Very shortly after getting all of these great responses my mom started moving her right hand. She waved to me and it startled me at first! That was about 2 weeks ago. We started using the communication board, but it was a bit hard for her to think of all of the letters needed for what she wanted to say. She really wanted to use it but we weren't too successful. It did help having some phrases on the board and it helped her communicate that she was hot, thirsty, etc which was so helpful!
About a week ago her delirium cleared up and she started writing and that's changed everything. Lots of questions and requests.

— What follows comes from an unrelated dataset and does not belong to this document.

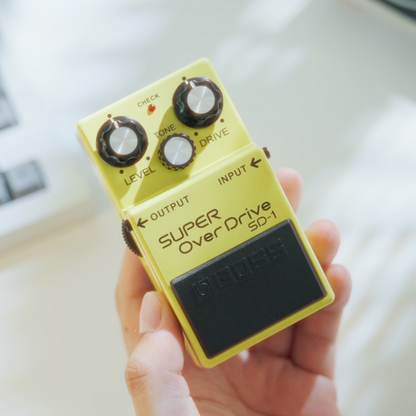 The PedalMouse™ - Effect Pedal Style Rockstar Mouse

She's 7 weeks in ICU and they just weaned her off the ventilator. Much earlier than they first thought so we are all cautiously optimistic. Maybe moving out of the ICU by next week and into the other hospital ward!
Next challenge is physio and the fact that dialysis may be permanently required...
This website has been so helpful during this time. Especially to hear from people who have made it. Thanks to all who contribute and share their stories!
I'm happy to say things are going quite well. I think my mom has been very lucky. Amazingly, her kidneys started working again and she doesn't need dialysis. No long term damage either. She ended up staying in the hospital for almost 4 months. She was discharged last June and was able to continue recovering and getting stronger at home. I think the key is to be patient and give your loved one time. The recovery is slow and we don't always see the progress that is happening. Today she is able to walk and move around the house without any assistance. Still not where she was before, but continuing to improve!
Luckily, she doesn't remember most of the time in the ICU. That's the tough stuff that we remember and talk about some of it with her. It's taken a lot of time for everyone to heal emotionally. The whole experience was really so hard - I hope you're doing ok and looking after yourself as well!
Thank you, its amazing and I wish your mom a speedy recovery.
my mom passed away after 33 days in ICU, partially I blame the hospital for their poor infection control, but no use in playing the blame game as it will not bring her back.
The hardest thing for me was not knowing what day it was, what time it was oh, how long I have been there, where was my family, what was my doctor doing what was happening to me etc. No one, not even me realized I didn't have my glasses on so I couldn't see very far. I was convinced the piece of paper on the table next to me held all the answers but since I was tied down with all these tubes I couldn't move. What seems like days trying to communicate with people with a trach tube and scribble Scrabble for writing I was finally able to reach that piece of paper and turn it over. It turned out to be the TV channel list. How frustrating. My hallucinations told me I had been there for months and the room kept changing as far as I was concerned I was in the new room every time I woke up. A simple calendar telling me what was happening would have helped so much.